The 6 years that have passed since a gunman mowed down her Bible study class at Emanuel AME have been busy for the former prison nurse who was among the five survivors.
When the brutal shooting took place, Polly Sheppard had just retired from nursing after 14 years at the Al Cannon Detention Center in South Carolina. The former nurse has channeled her grief since then by speaking around the country to spread the word about gun violence. Now, with the nest egg she has accumulated from her speaking gigs, our Nurse of the Week is working to address the staffing crisis in her own way – by setting up a scholarship fund for nursing students – particularly those who are interested in a career as prison health care workers.

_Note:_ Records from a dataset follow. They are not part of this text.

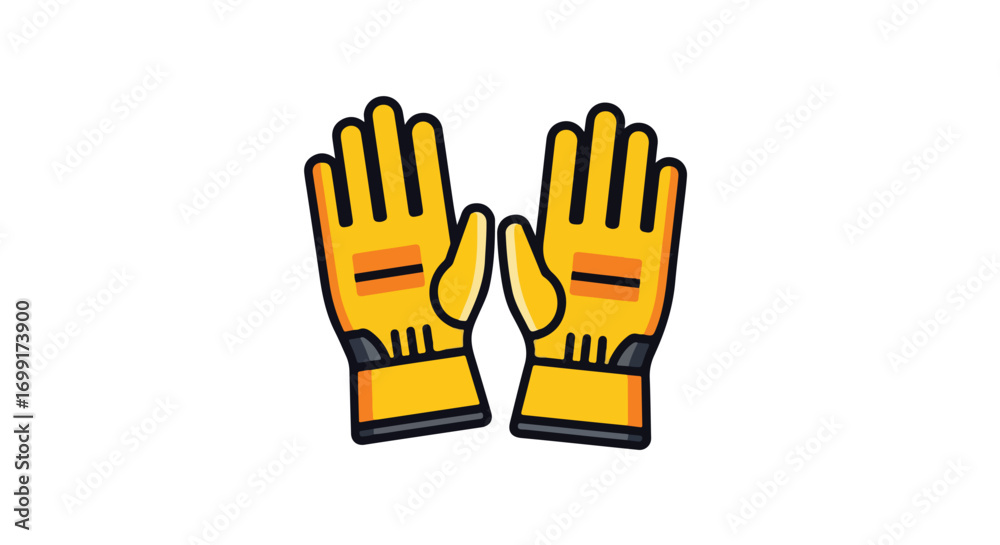 Obraz premium Illustration of Protective Work Gloves in Bright Yellow Color and Dark Gray accents Depicting Safety Gear Essential for various tasks and industries
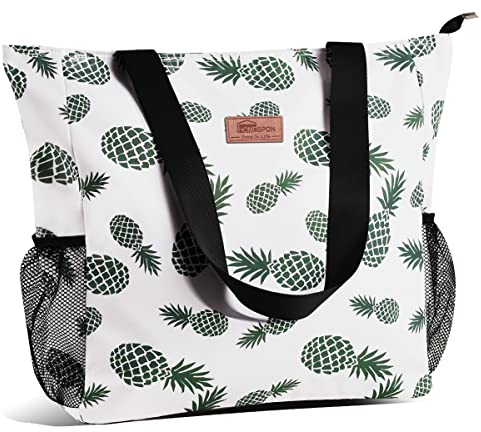 HOMESPON Große Wasserdichte Strandtasche mit Reißverschluss und Taschen für Damen (Ananas)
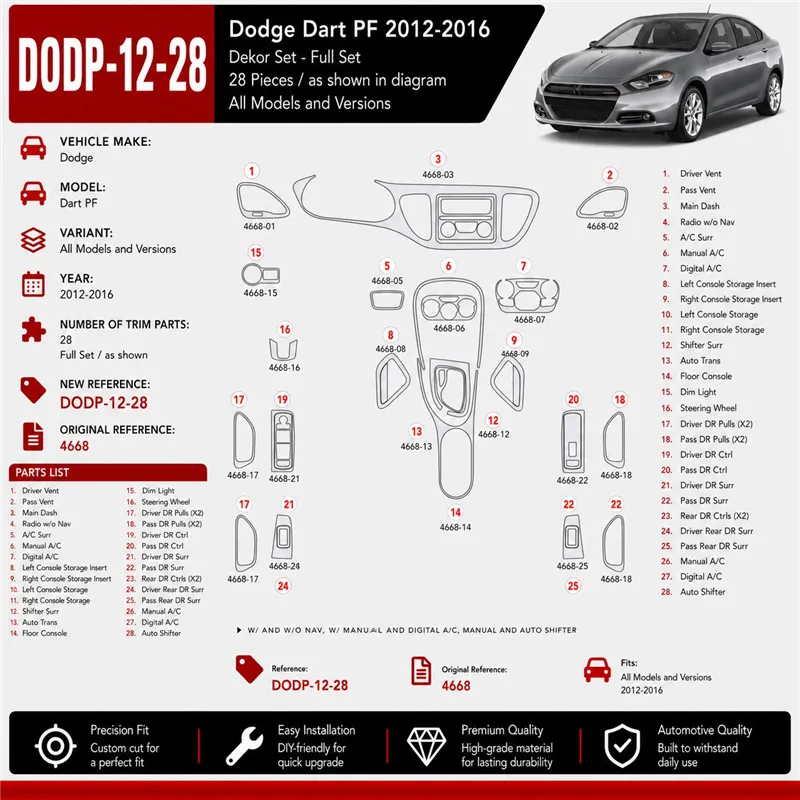 Dodge Dart PF 2012-2016 3D Cockpit Dekor Interieurleisten Set 28-teilig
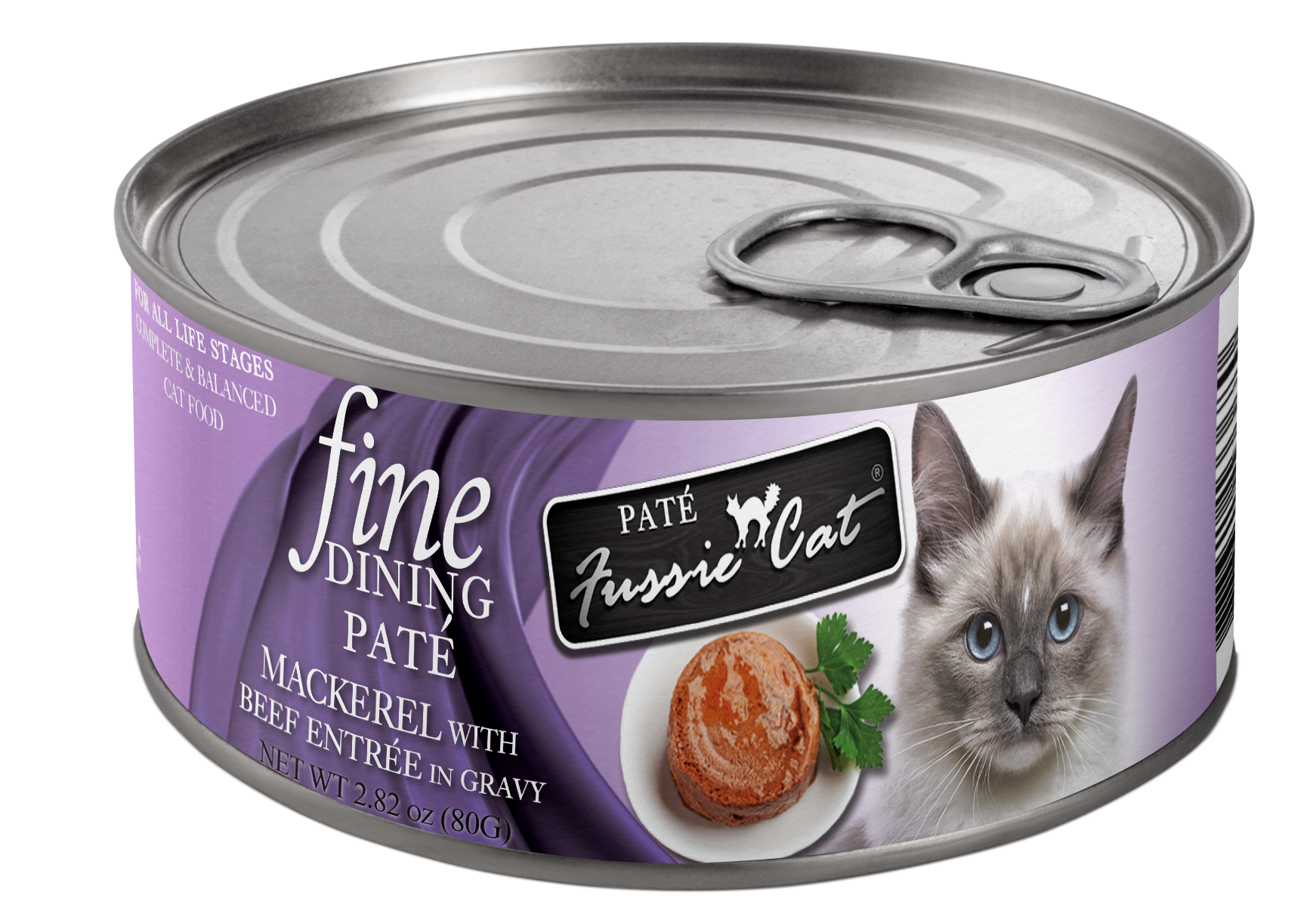 Fussie Cat Fine Dining - Pate - Mackerel with Beef Entree in gravy (2.82oz)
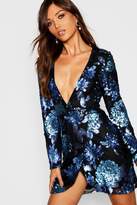 Thumbnail for your product : boohoo Sequin Floral Wrap Long Sleeve Bodycon Dress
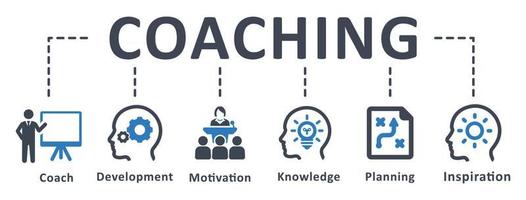 icona di coaching - illustrazione vettoriale. formazione, insegnamento, allenatore, seminario, apprendimento, educazione, motivazione, infografica, modello, presentazione, concetto, banner, pittogramma, set di icone, icone. vettore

Prison nursing, she says, is all about caritas: “I learned how to be compassionate. [How to be] more compassionate, and caring. And not assume everybody that goes to jail is guilty. Because everyone is not. You are innocent until proven guilty.” After a year of counseling, Sheppard even found forgiveness in her heart for the man who killed nine of her classmates, and she affirms that “Everybody deserves a second chance.”
But in describing her career, Sheppard does not mince words. She loved her work, but prison nursing is NOT easy. Prison health care facilities were understaffed long before Covid, so the hours could be as challenging as the job itself. “Sometimes,” she recalled, “I would work till 2 o’clock in the morning. Get there at 3pm, working till 2 am. Sometimes double shifts…” All while treating a population that rarely had access to regular preventive care and often were “suffering from mental illness, seizures or other chronic diseases.”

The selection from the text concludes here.